Asthma is a chronic inflammatory disease of the respiratory system indicated by labored breathing, chest constriction and coughing due to inflammation of bronchi.

Pediatric Asthma:

‘Pediatric Asthma’ or simply ‘childhood asthma’ begins in childhood itself. In the recent years there is a significant increase in the rate of incidences of pediatric asthma. Over 10 million of children are suffering with Pediatric Asthma in US alone.

The reason behind children being more susceptible to asthma attacks is that their airways are narrower compared to that of adults. Thus, pediatric asthma can produce more severe emergencies in them by exposure to slightest allergens. Hence, it should be immediately indentified and treated.

Pediatric Asthma Causes:

Pediatric Asthma results from sensitization to substances causing asthma, called as ‘Triggers’.
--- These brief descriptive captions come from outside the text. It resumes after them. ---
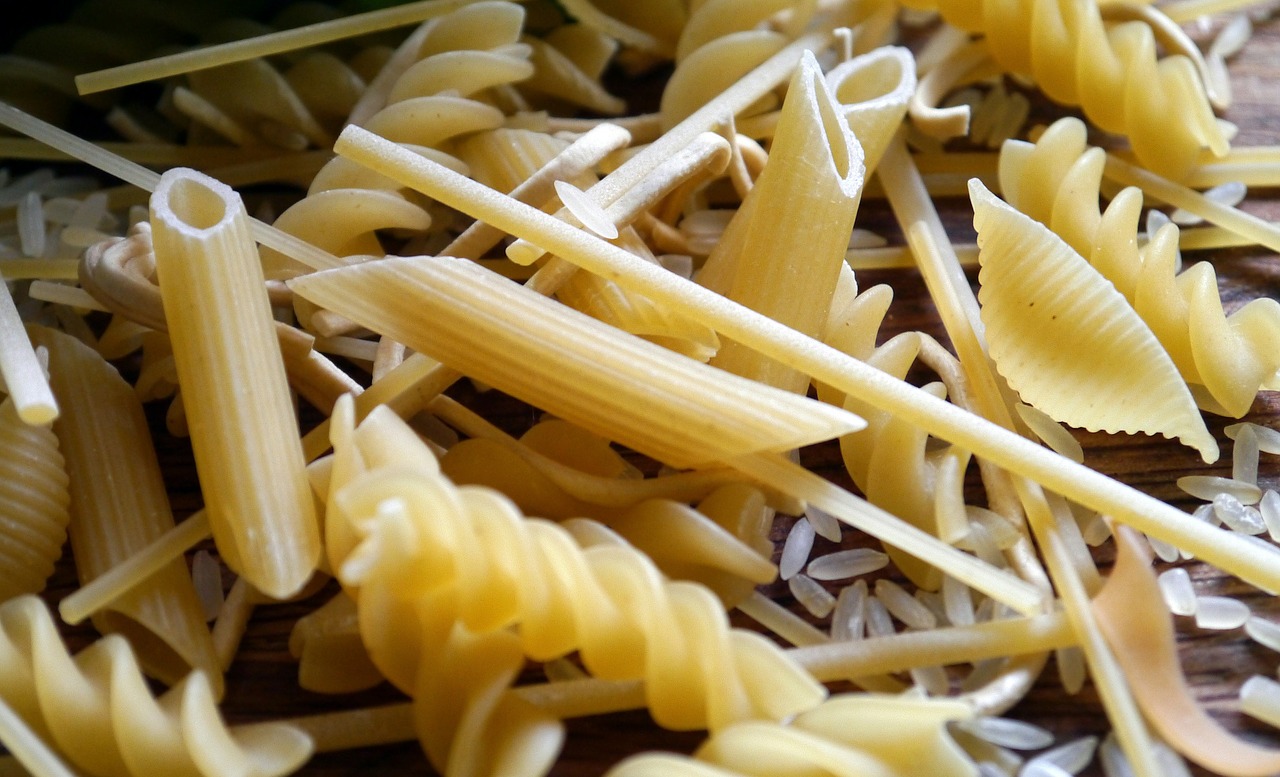 macaroni rigatoni noodles free photo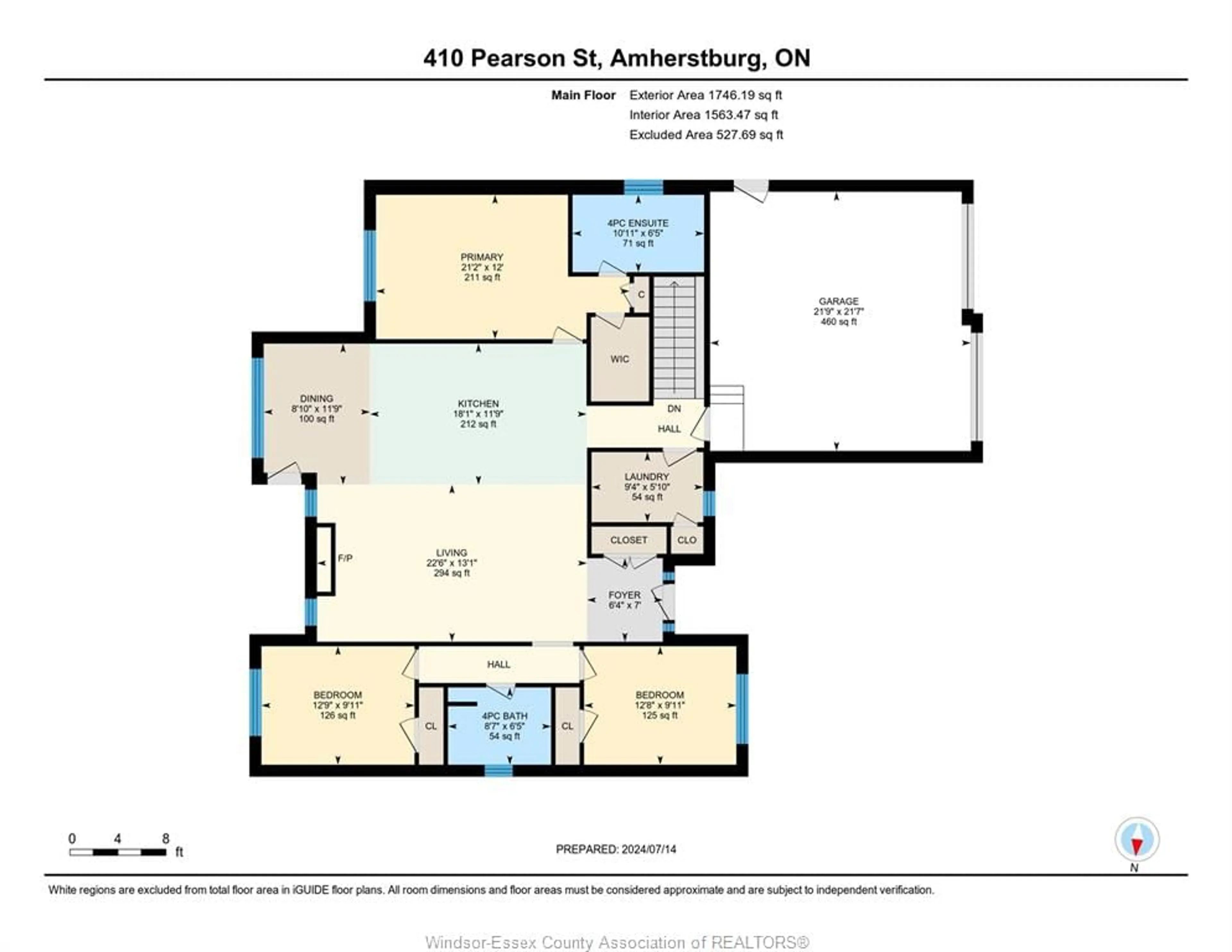 Floor plan for 410 Pearson St, Amherstburg Ontario N9V 0G4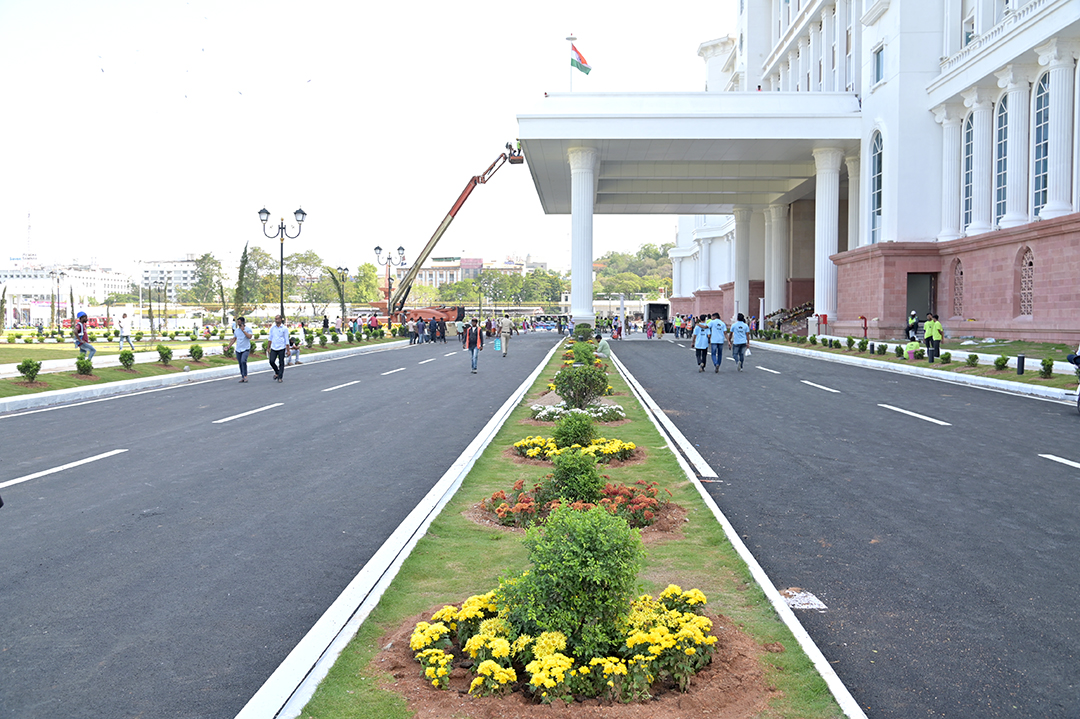 Dr Br Ambedkar Telangana State Secretariat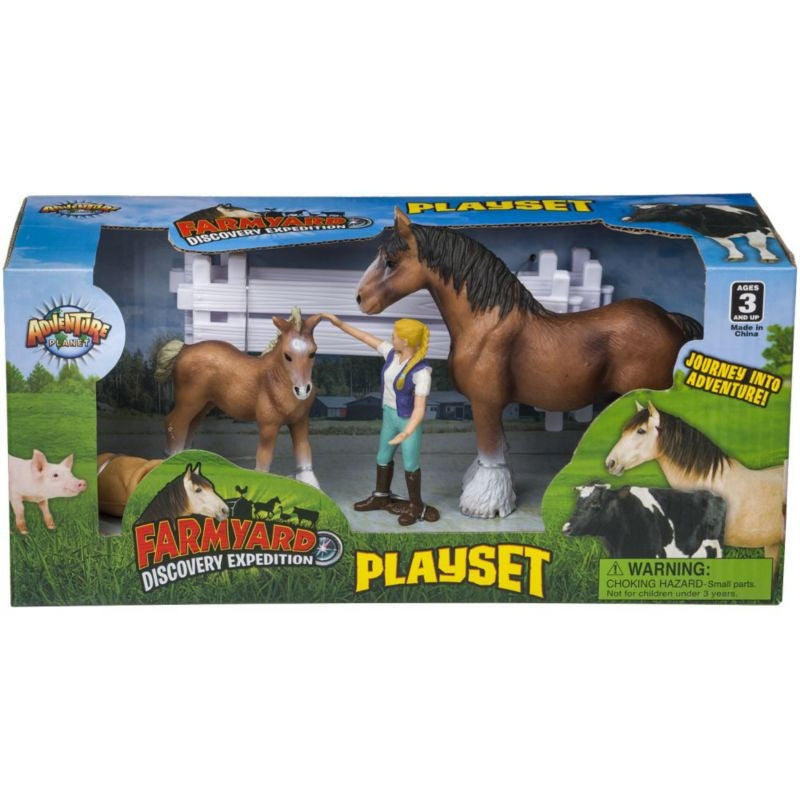 Farm Yard Discovery Horse Play Set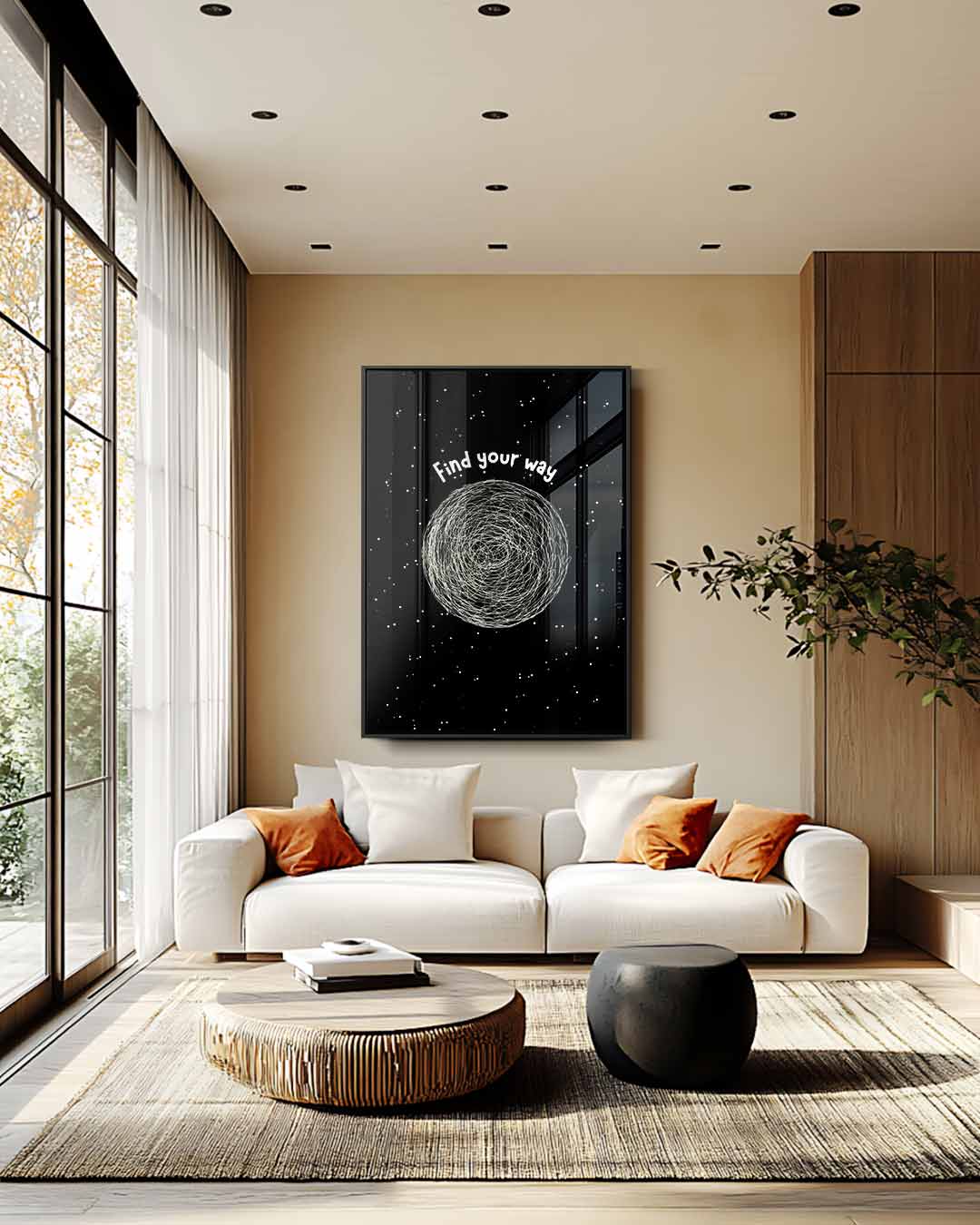 Abstract kunstwerk Kunstwerk-canvas-dibond-plexiglas-wanddecoratie-WallArtistic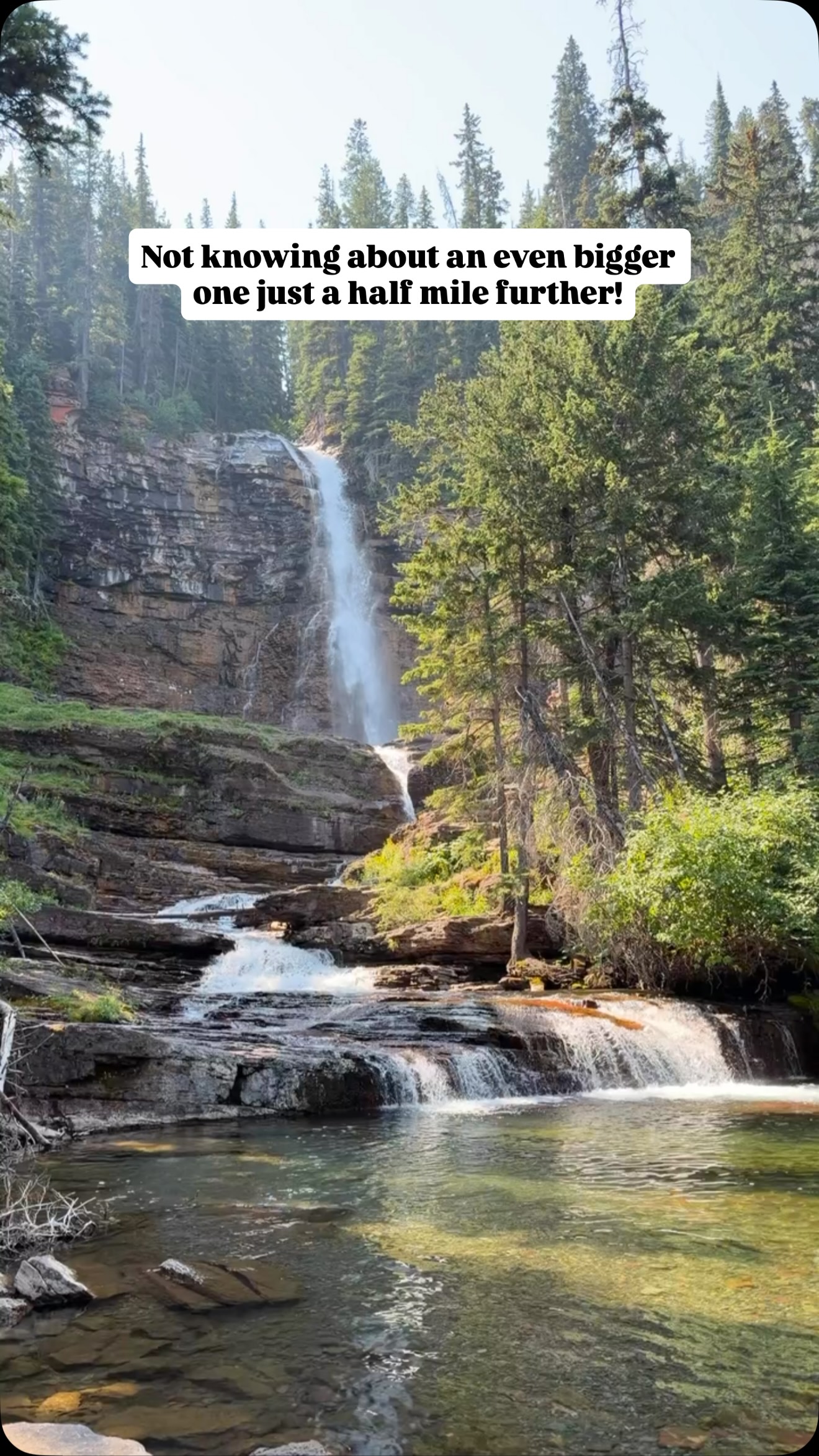 Glacier National Park's Waterfalls Hike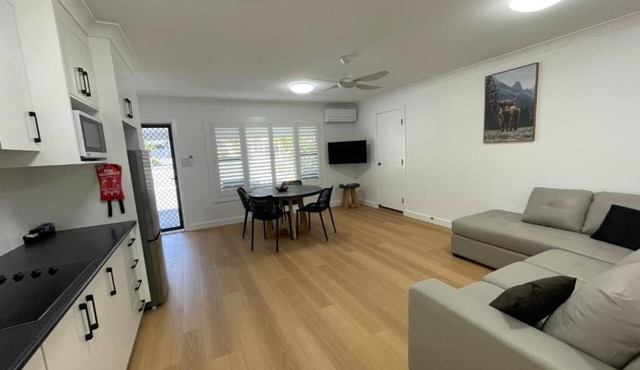 Family Holiday Resort by the Best Beach in NSW with Swimming Pools, Tennis Court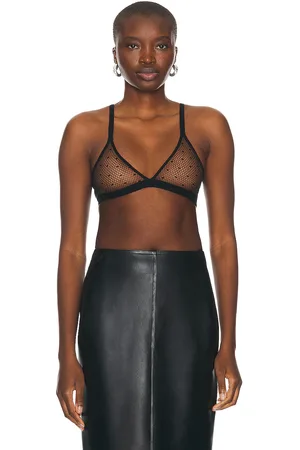 Alaïa Sheer Bra in Black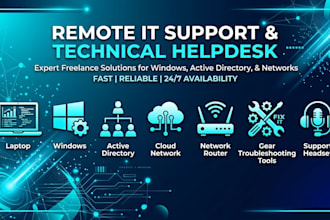 provide remote IT support and windows troubleshooting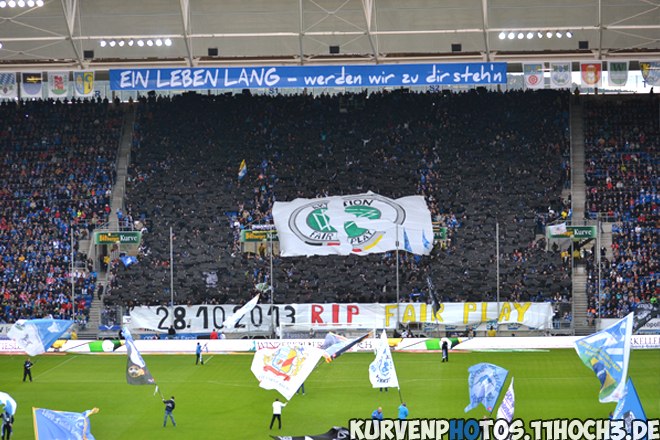 Hoffenheim Choreo gegen Bayern - TSG 1899 Hoffenheim | Choreo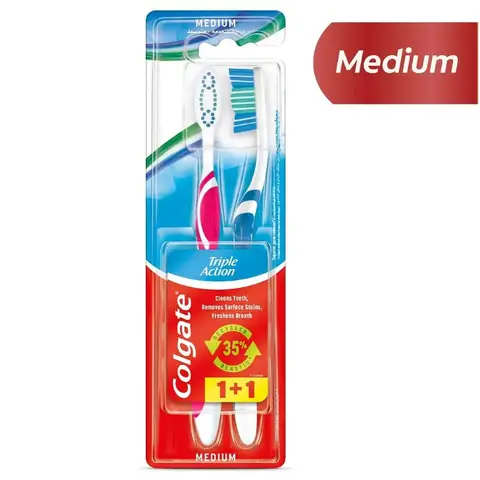 Colgate Tandenborstels Triple Action 2 stuks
The common triggers include:

  • Cold weather
  • Animal hair or protein
  • Dust
  • Chemicals in food or air
  • Exercise
  • Pollen
  • Tobacco smoke
  • Viral infections like common cold

In response to these triggers from environment release of antibodies occurs which are intended to engulf the ‘triggers’, making the inside walls of airways to inflame, swollen, constricted with increased mucus resulting in spasms and finally an asthmatic attack.

Genetic Factors:

These are vital and make the person more susceptible to pediatric asthma increasing sensitivity to the triggers.

The genes contributing are:

Interleukin (IL) – 4 and IL-13:

The IL-4 gene produces IL-4, a cytokine which helps the differentiation of T-cells to T2- cells inducing type 1 hypersensitivity and increasing lymphocyte and mast cell count in body. IL-13 is also released from IL-13 gene which acts on epithelial cells. This leads to inflammation and tissue damage and ultimately to asthma.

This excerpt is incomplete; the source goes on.